During these first years we have also reached out to historically interested inhabitants of the Lesser Antilles and to other scholars of Caribbean and Atlantic history. As a team we have presented our work at the Wilberforce Institute at Hull and at the annual conference for the Association of Caribbean Studies. In smaller groups we have presented, for instance, at the annual conference of American Society for Legal History. Our most important contribution was the conference “Inter-Island Connections in the Lesser Antilles: Family, Friends, and Institutions across the Sea,” taking place on the island of St. Thomas.

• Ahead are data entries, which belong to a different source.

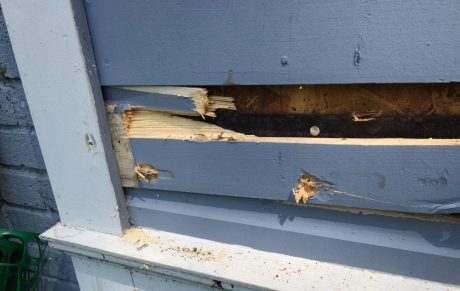 clapboard siding repair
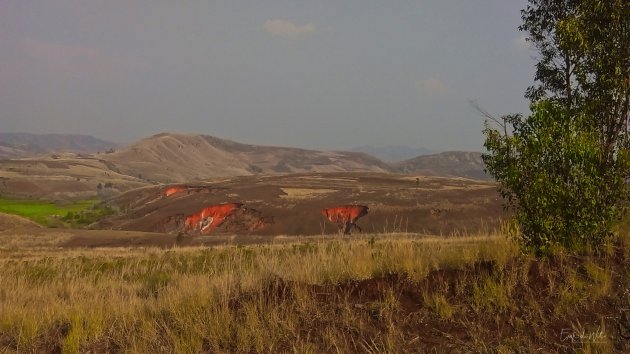 Landschap zonder bomen....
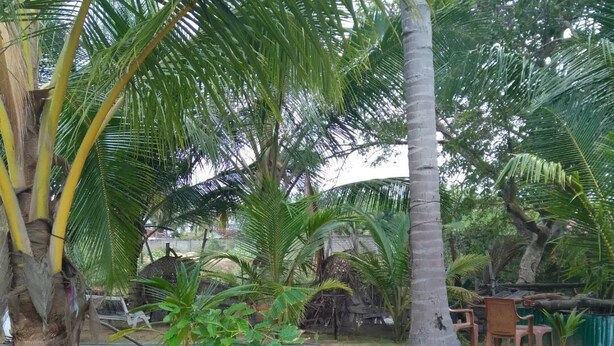 Garden - Summer Garden Arugambay  (Arugam Bay)
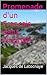 Promenade d'un Français dans l'Irlande (French Edition)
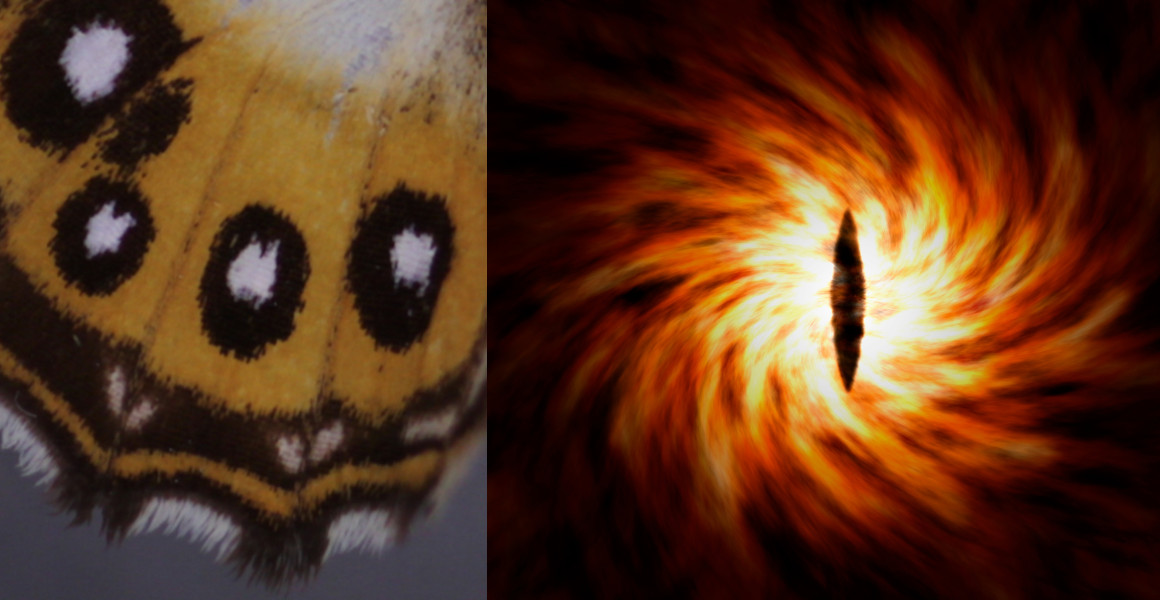 The eyespots of the Saurona butterflies (left), and a firey eye with a black pupil (right).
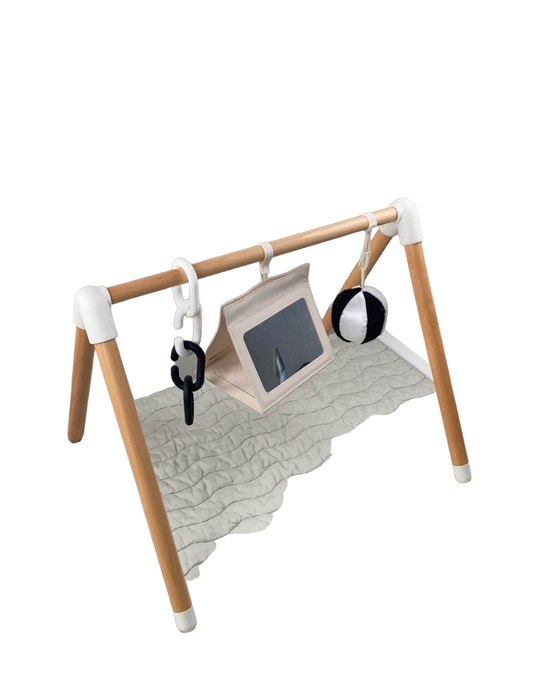 Shop Lalo The Play Gym, Sage at Goodbuygears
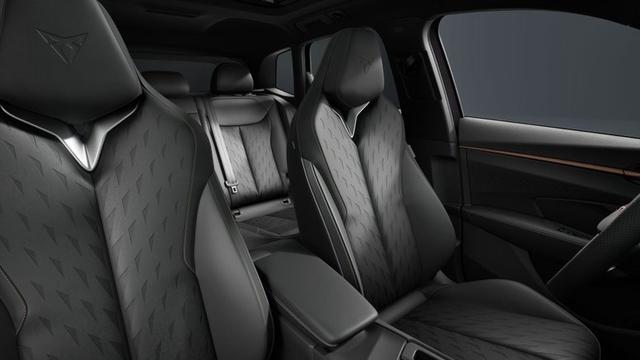 Cupra Terramar VZ 2.0 TSI 7-Gang-DSG 4Drive 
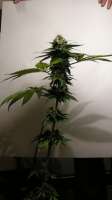 Imagen de WeedOxid (OG Kush-LemonLarry x DeepChunk)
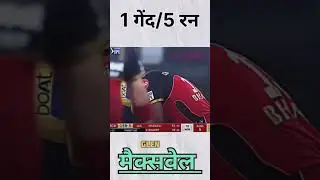 #cricket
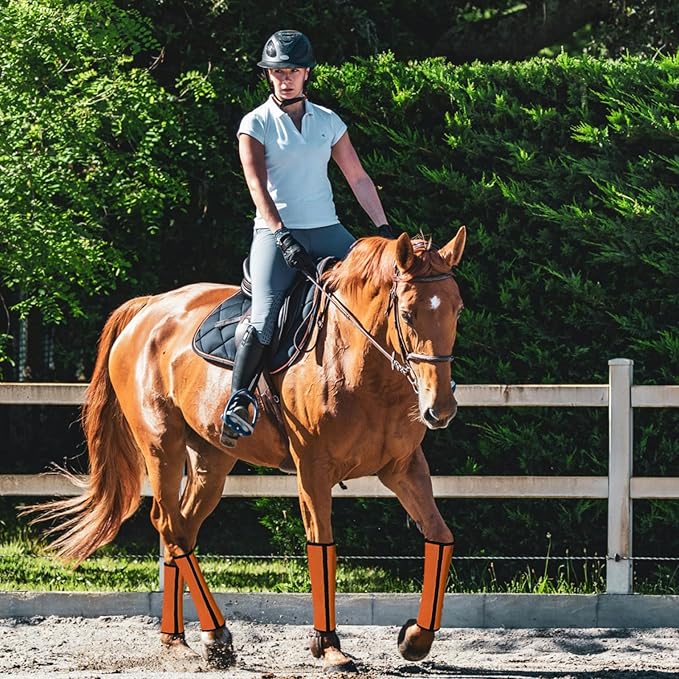 Fly Boots for Horses Set of 4 Breathable Textilene Mesh Horse Fly Boots with Stable Support & UV Protection, Comfortable Equine Boots, Reduces Stomping, Leg Fatigue & Hoof Damage.(Orange)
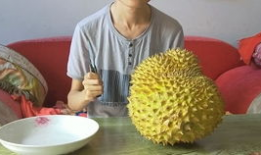 开榴莲视频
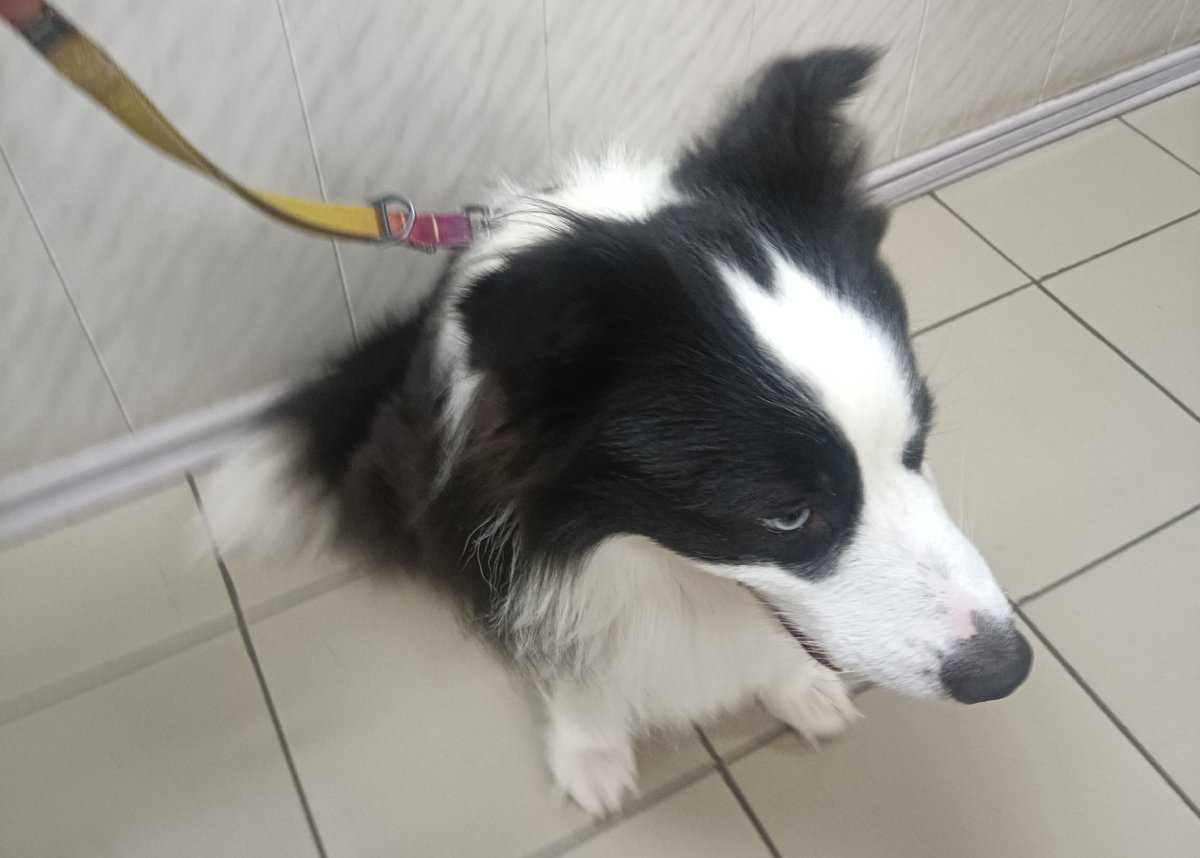 Сотрудники Россельхознадзора проверили, что животные здоровы, имеют ветеринарные паспорта и свидетел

This conference was the result of collaboration between IN THE SAME SEA, the Caribbean Genealogy Library, and the University of the Virgin Islands. For three days, between 100 – 120 family historians, public historians, and academic historians presented and discussed their stories about resources, migration, and settlement in the Lesser Antilles.
During the first half of the project, the team of IN THE SAME SEA has, as noted, constructed a database that traces the fugitive practices of enslaved people in the Lesser Antilles within and across imperial borders (i.e. not merely looking at fugitives in for instance a French or British imperial context). This database will advance the field of research beyond the state of the art. The database allows us, for the first time, to test the validity of explanations and interpretations that are framed in relation to single imperial contexts, such as for instance the British or the French empires. The database will therefore allow us to highlight the relative importance of several parameters shaping fugitive practices, among them environment, geography, market dynamics, and naturally also imperial polities and politics.

Currently, the key findings from the database are: 1) the relatively high ratio of group escapes found among so-called maritime maroons, which significantly alter our understanding of this form of marronage. It does so because it shows that not only single men, but also women, children and the elderly participated in such flight practices; 2) the database points to a higher ratio of women escapee on land than hitherto identified in the historiography. Like the first finding, this new knowledge requires us to question a historiography that has been primarily concerned with explaining why women did not run away (by for instance pointing to motherhood and family obligations). Instead, we must now ask, why women escaped and how they did it.

In the upcoming years, IN THE SAME SEA researchers will endeavor to turn their archival research into interpretations of the inter-island world of the Lesser Antilles. In addition to the articles already authored by members of the IN THE SAME SEA research project, the expected results of the research will be the publication of the finished database regarding fugitives in the Lesser Antilles, two articles authored by Dr. Heather Freund and two by Dr. Felicia Fricke concerning the inter-island dynamics of the Lesser Antilles, two PhD dissertations, one on marine resources by PhD student Rasmus Christensen and one on white slave owing by PhD student Gabriëlle La Croix. During these years the PI, Dr. Gunvor Simonsen will conclude a book about the history of enslaved fugitives in the Lesser Antilles.